L’Allemagne soutient militairement la France en Syrie : un choix logique que peu assument.
A la suite des attaques de Paris, Berlin a répondu à l’appel de soutient formulé par la France. Mais alors que l’envoi d’aide aux opérations françaises est voté, la chancelière semble avoir proposé le projet à contrecœur et une majorité des allemands ne soutient pas cette décision. Pourquoi cet envoi était prévisible et pourquoi gène-t-il ?
C’est donc un envoi d’un soutient de six Tornados de reconnaissance, d’avions ravitailleurs, d’une frégate et de cinquante soldats envoyés au QG de la coalition contre Daesh pour un total de 1 200 soldats en 2016 qui a été décidé. C’est une aide plus symbolique que décisive mais cela fait plus de deux ans, depuis l’intervention française au Mali, que la France demande à l’Allemagne de s’impliquer un peu plus dans la politique extérieure de l’Europe. Le choc des attentats et la menace qui pèse aussi en Allemagne auront donc poussé Angela Merkel à décider du premier ordre de déploiement qu’elle donne depuis son arrivée au pouvoir en 2005. Avant cela l’Allemagne n’était impliqué qu’en Afghanistan et au Kosovo : un engagement bien maigre si l’on considère son poids politique en Europe.
Ces choix se justifiaient après la Seconde Guerre mondiale et alors que l’Allemagne affrontait le défi de la réunification. Mais alors que 70 ans ont passé et que maintenant Berlin représente, de loin, la première économie européenne et fonctionne quasiment en plein emploi avec un PIB de 3820 milliards de dollars en 2014 contre 2902 milliards de dollars pour la France, il devient de plus en plus gênant de voir l’Allemagne jouer un rôle mineur dans les déploiements militaires à l’étranger. Enfin on peut signaler que l’Allemagne n’a cessé d’investir dans la défense ces dernières années : son budget était de 32,26 milliards d’euros en 2014 contre 31,4 milliards d’euros pour la France. L’armée allemande a donc la légitimité, le budget et les capacités de s’investir à l’étranger.
Il n’en reste pas moins que cette décision met mal à l’aise et pour plusieurs raisons.
La première est la crainte de se voir être entraîné dans une guerre longue qui les exposera à terme à envoyer des troupes au sol et à des attentats plus fréquents en Allemagne. La deuxième est le manque d’expertise : même si Berlin entretient de bonnes relations avec l’Iran et les services secrets syriens, l’habitude est plus à négocier avec les puissances d’Europe de l’Est et la Russie. Les allemands se sont aussi habitués à la paix comme la plupart des européens et l’idée d’entrer en guerre ne leur plaît pas au point que le terme n’a pas été prononcé durant le débat. 54% des allemands sont opposés à l’intervention militaire mais c’est une opinion qui évolue : ils étaient 64% en février.
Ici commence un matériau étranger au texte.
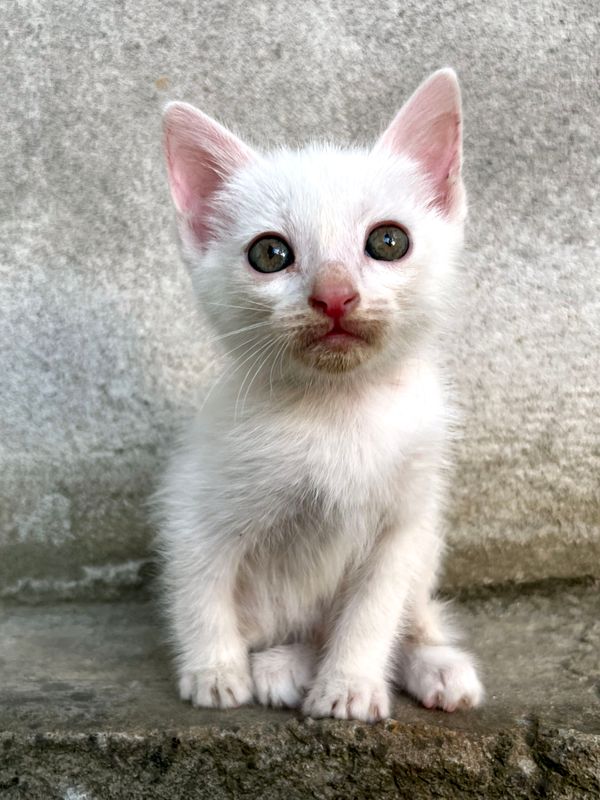 котенок котенок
Enfin l’Allemagne n’a peut-être pas les moyens de faire plus : engagé dans des réformes de réduction des coûts pour se donner les moyens de faire des opérations extérieures, l’Allemagne a rogné sur les effectifs et les sites depuis 2010. L’Allemagne dépense 31% de plus en frais de fonctionnement de son armée que la France, et de nombreux véhicules ne sont pas utilisables faute de budget d’investissement : l’Allemagne pourrait par exemple ne mobiliser au maximum que huit Typhoons sur les 109 appareils en service. Une réticence tout autant idéologique que matérielle donc.